Examen du recours à des pratiques de justice réparatrice avec des délinquants adultes atteints de l’ensemble des troubles causés par l’alcoolisation foetale (ETCAF)

1. Introduction

Il y a de sérieuses préoccupations quant à vulnérabilité et aux besoins des personnes atteintes de l’ensemble des troubles causés par l’alcoolisation foetale (ETCAF) dans le système de justice pénale (SJP). L’ETCAF, un terme de diagnostic utilisé pour décrire les conséquences de l’exposition prénatale à l’alcool sur le cerveau et le corps, est une invalidité permanente.
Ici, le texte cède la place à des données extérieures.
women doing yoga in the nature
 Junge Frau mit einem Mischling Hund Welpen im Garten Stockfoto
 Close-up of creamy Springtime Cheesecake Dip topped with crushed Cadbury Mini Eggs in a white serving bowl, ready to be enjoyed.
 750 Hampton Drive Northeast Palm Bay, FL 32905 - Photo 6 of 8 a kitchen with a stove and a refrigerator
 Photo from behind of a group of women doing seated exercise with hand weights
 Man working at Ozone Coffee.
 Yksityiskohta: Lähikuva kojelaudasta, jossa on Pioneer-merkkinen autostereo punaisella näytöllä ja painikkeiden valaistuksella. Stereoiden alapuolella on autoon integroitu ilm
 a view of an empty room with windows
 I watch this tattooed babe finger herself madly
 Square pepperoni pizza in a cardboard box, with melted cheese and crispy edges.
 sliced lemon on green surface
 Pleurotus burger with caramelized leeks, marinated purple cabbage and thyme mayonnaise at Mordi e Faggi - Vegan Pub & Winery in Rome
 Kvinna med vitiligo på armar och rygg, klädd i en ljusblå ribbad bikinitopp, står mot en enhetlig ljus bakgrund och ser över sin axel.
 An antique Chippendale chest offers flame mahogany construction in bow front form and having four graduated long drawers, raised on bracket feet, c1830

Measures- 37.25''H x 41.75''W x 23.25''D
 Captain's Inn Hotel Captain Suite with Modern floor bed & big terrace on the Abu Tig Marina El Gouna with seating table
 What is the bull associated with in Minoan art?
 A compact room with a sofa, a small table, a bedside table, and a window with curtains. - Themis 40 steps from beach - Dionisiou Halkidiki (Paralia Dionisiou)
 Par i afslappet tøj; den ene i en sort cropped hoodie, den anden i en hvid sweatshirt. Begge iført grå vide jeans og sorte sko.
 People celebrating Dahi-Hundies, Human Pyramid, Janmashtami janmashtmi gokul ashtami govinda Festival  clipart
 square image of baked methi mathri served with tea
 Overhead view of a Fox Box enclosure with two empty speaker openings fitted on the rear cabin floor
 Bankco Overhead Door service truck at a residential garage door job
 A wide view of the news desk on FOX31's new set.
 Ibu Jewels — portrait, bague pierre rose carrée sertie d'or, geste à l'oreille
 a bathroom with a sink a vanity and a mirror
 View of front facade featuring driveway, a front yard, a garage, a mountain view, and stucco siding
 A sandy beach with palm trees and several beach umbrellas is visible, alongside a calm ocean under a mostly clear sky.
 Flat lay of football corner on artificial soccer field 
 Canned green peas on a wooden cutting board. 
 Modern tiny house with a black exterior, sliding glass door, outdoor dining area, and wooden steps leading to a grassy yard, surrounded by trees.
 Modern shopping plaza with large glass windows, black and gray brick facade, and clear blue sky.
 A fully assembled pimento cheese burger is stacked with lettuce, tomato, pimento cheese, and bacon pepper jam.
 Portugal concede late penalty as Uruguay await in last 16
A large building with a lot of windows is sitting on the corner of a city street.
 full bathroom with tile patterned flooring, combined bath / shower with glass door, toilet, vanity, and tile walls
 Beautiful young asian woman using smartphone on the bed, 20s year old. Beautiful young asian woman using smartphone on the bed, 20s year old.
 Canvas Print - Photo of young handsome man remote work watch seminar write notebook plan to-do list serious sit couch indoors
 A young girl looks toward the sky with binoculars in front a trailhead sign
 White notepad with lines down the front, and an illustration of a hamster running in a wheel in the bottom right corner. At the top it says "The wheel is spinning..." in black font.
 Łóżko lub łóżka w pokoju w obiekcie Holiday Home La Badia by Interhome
Bien que chaque personne atteinte de l’ETCAF soit unique, la plupart éprouveront des difficultés dans leur vie quotidienne et auront besoin de soutien pour l’apprentissage, la mémoire, l’attention, la communication, la capacité de régulation émotionnelle, les habiletés motrices, la santé physique et les habiletés sociales (Fraser 2008).

Il n’existe que peu de recherches sur la prévalence de l’ETCAF au Canada. Le Canada FASD Research Network a indiqué que la meilleure estimation de l’ETCAF dans la population canadienne en général est de 4 %. (Flannigan et autres, 2018a). Il n’existe que très peu de recherches sur la prévalence des adultes atteints de l’ETCAF dans le SJP, ce qui se traduit par des estimations variables. En 2011-2012, la prévalence de l’ETCAF était estimée à 9,9 % chez les adultes en détention au cours d’une journée au Canada (TSAF Ontario, 2015). Une étude plus récente a révélé qu’environ 17,5 % des délinquants du système correctionnel du Yukon étaient atteints de l’ETCAF (McLachlan n.d.).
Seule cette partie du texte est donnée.